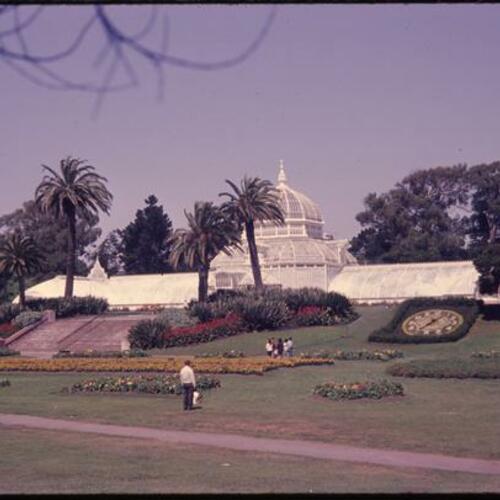 People visiting Conservatory of Flowers in Golden Gate Park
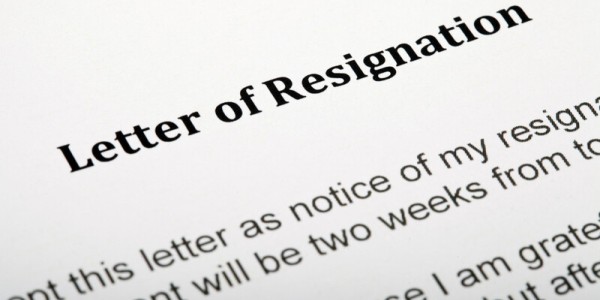 Letter of resignation giving two weeks notice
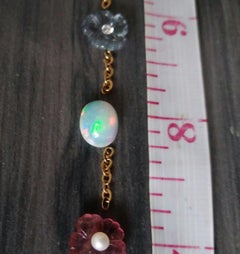 14k Gold Chain Earrings With 17 Gemstones Flowers Cabs Faceted Stones and Pearls
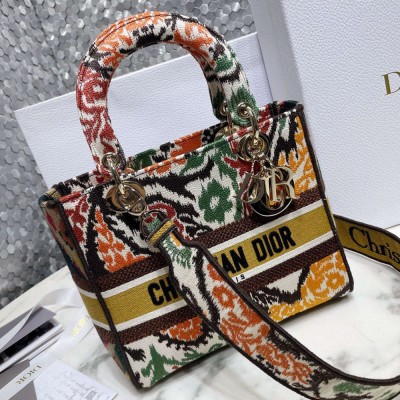 Dior Lady D-Lite Medium Bag In Yellow Dior Paisley Embroidery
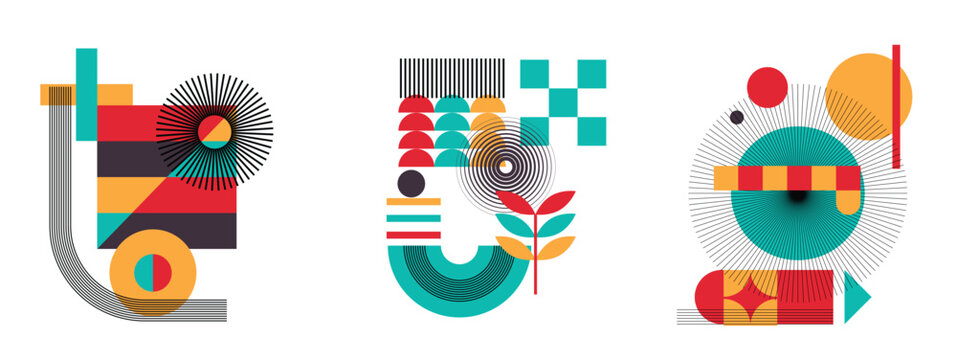 Abstract geometric wall art vector set. Colorful modernist poster compositions with line patterns and bold shapes for interior decor, art print and textile design.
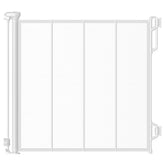 Spaceany reinforced retractable gate at doorway extended for wide openings and safety.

◆ **Work request**: Your task is to restate word for word the lines from the one containing "Dior Lady D-Lite" through the last line of the data, both ends included, with no pictures.

◆ **Response below**:
 Dior Lady D-Lite Medium Bag In Yellow Dior Paisley Embroidery
 Abstract geometric wall art vector set. Colorful modernist poster compositions with line patterns and bold shapes for interior decor, art print and textile design.
 Spaceany reinforced retractable gate at doorway extended for wide openings and safety.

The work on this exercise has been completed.